Mit behutsamen Schritten nähere ich mich meinem gefallenen Kameraden. Die Sorge, selbst einem tödlichen Schuss zum Opfer zu fallen, begleitet mich mit jedem Schritt, doch der gefürchtete Angriff bleibt aus. Wolfgang, Shizo und Henrik sind sich sicher, dass der Täter erneut zuschlagen wird, was mich nicht sehr erbaut.

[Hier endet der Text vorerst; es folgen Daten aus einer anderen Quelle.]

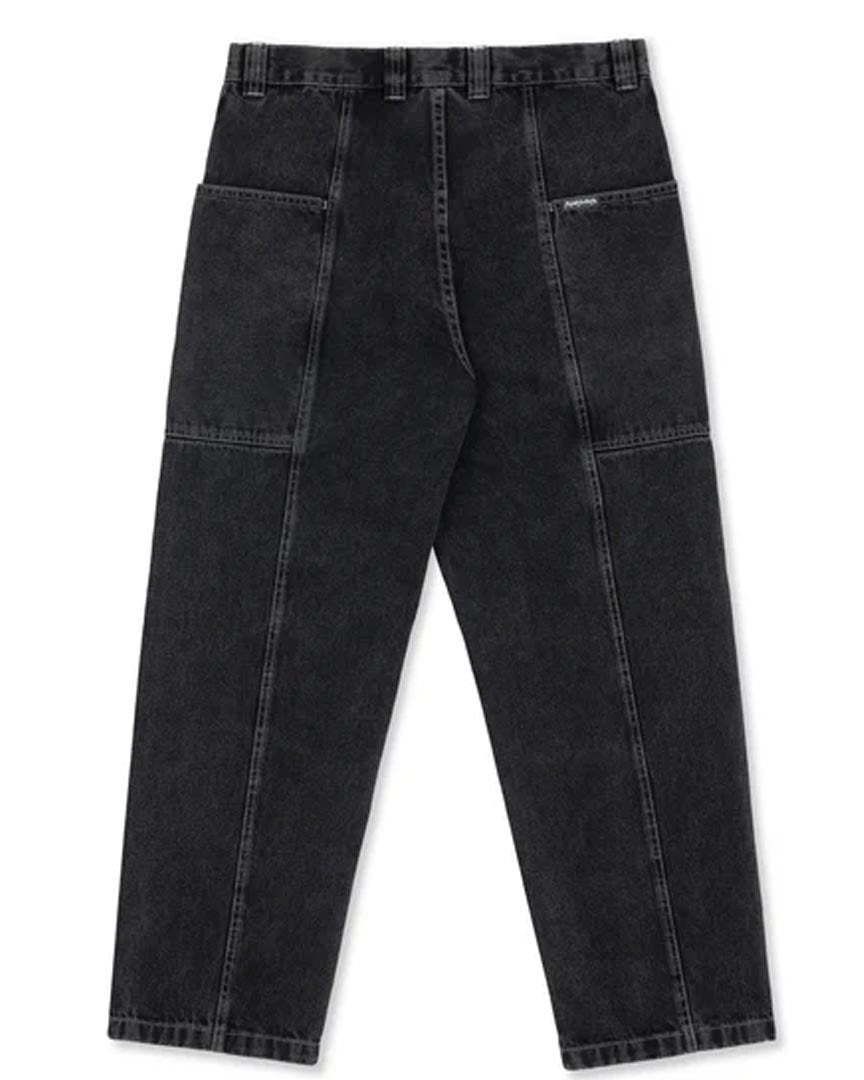 Jeans Jiro - Silver Black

Die Frage, ob ich auf einen Fremden schießen würde, wirft für mich ein moralisches Dilemma auf. Wolfgang löst es schnell für sich: „Alle Überlebenden sind schuldig!“, mahnt er mit tiefer Stimme und wiederholt sein Credo. Vielleicht hat er Recht?
Als ich mich dem leblosen Körper nähere, breitet sich eine paradoxe Szenerie aus. Nach außen hin ist es hier ruhig und friedlich, aber inmitten des Waldes starre ich auf einen Teppich des Entsetzens. Der Täter war gründlich, äußerst gründlich. Er hat sein Opfer, meinen Freund und Kollegen, fachgerecht zerlegt, und ich unterdrücke nur mit viel Willenskraft einen Würgereiz. Ganz ruhig… einatmen, ausatmen.

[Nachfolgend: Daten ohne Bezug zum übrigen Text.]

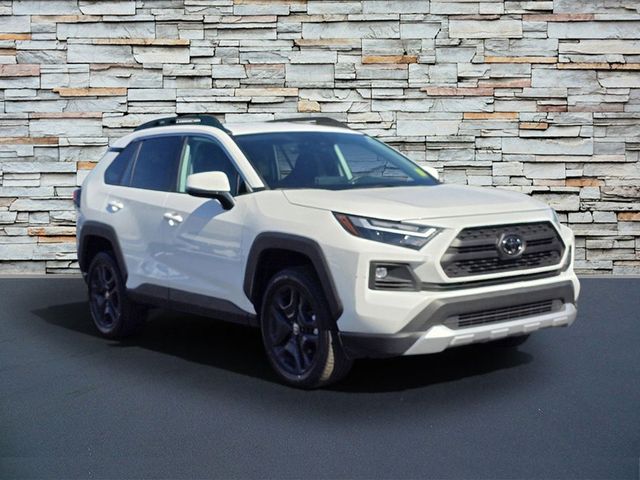 2023 Toyota RAV4 Adventure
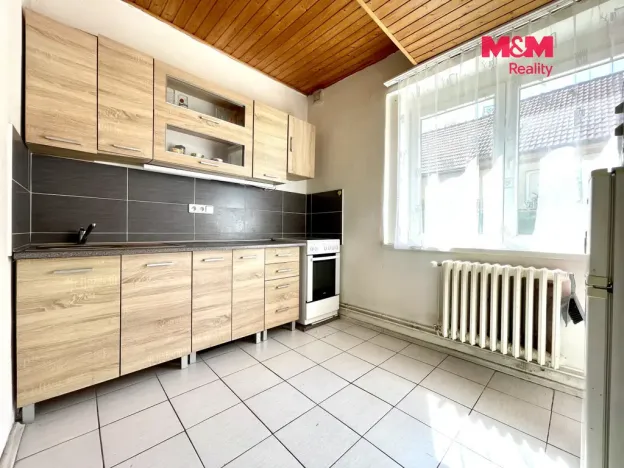 Pronájem bytu 1+1, Praha - Točná, Keltská, 34 m2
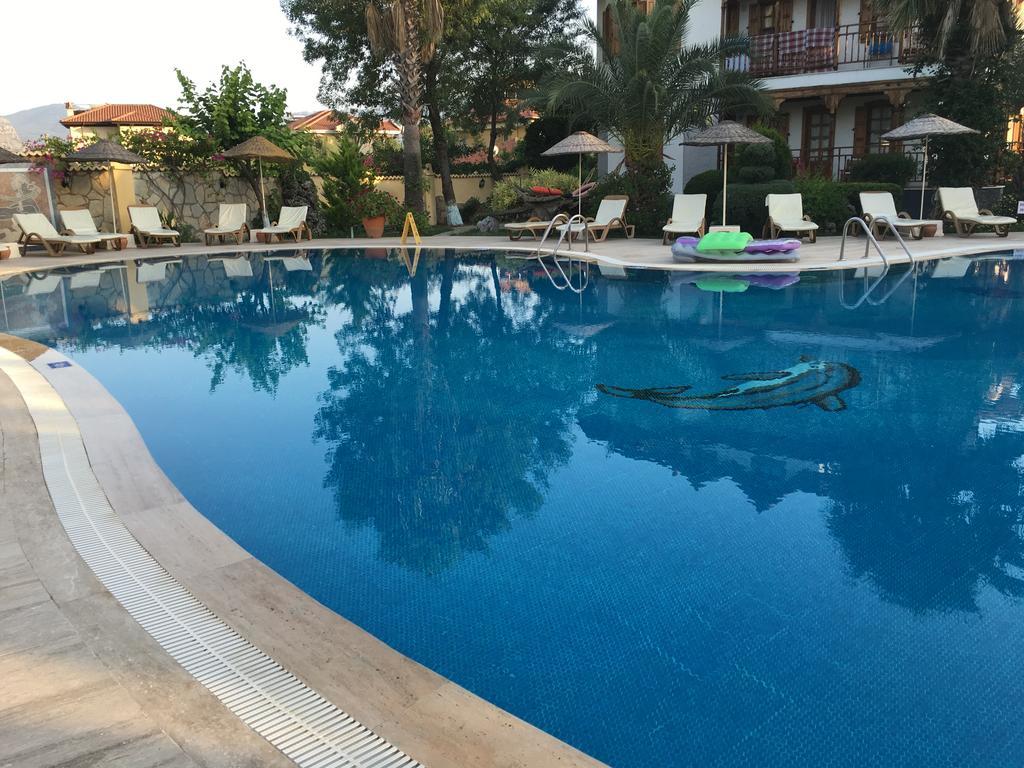 Asur Hotel & Aparts & Villas Dalyan Eksteriør bilde
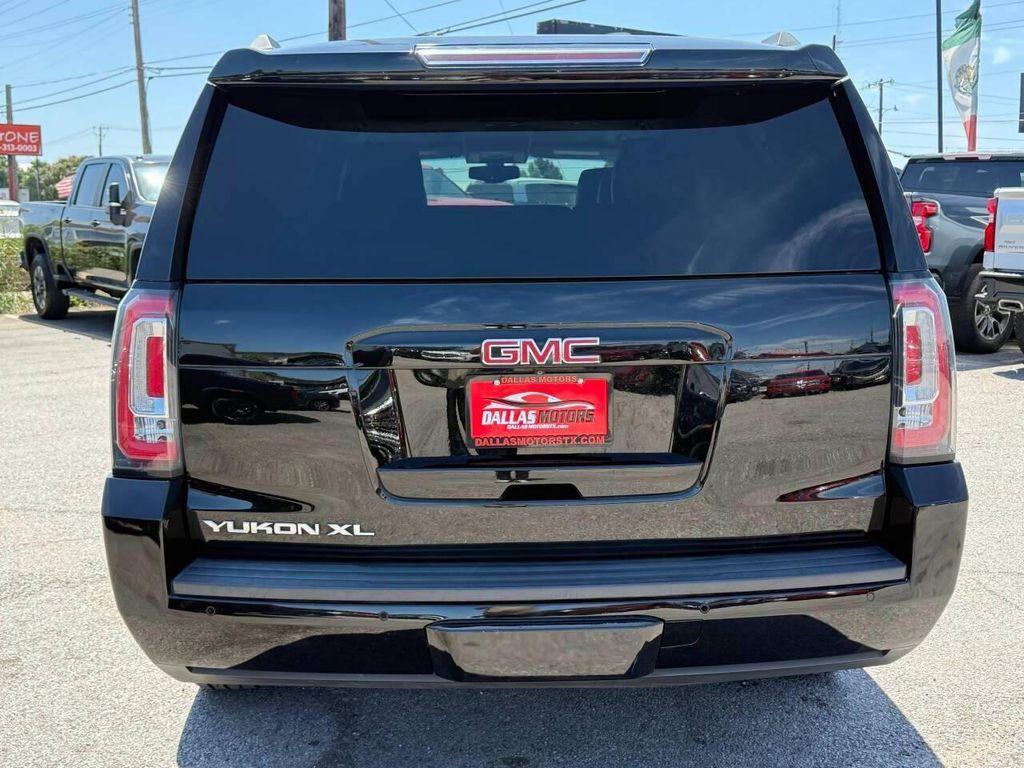 used 2020 GMC Yukon XL car, priced at $19,995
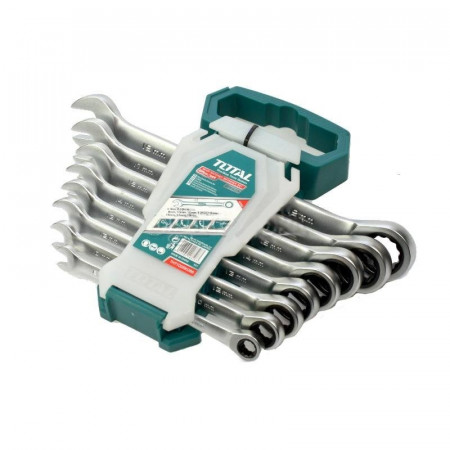 Набор гаечных ключей TOTAL THT102286 - image 3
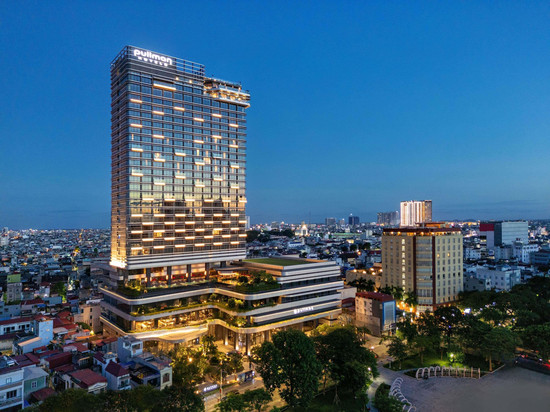 铂尔曼海防大酒店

„Ist doch eigentlich ziemlich fair von ihm...“, kommentiert jemand aus der Gruppe. War das Shizo oder Henrik? Die Relativierung folgt sogleich: „…dann despawnen wenigstens die Sachen nicht.“ Die Diskussion über das "fair sein" angesichts eines brutalen Mordes verstört mich zwar, doch in Chernarus ist eine solche Überlegung für viele Alltag. Ich grübele.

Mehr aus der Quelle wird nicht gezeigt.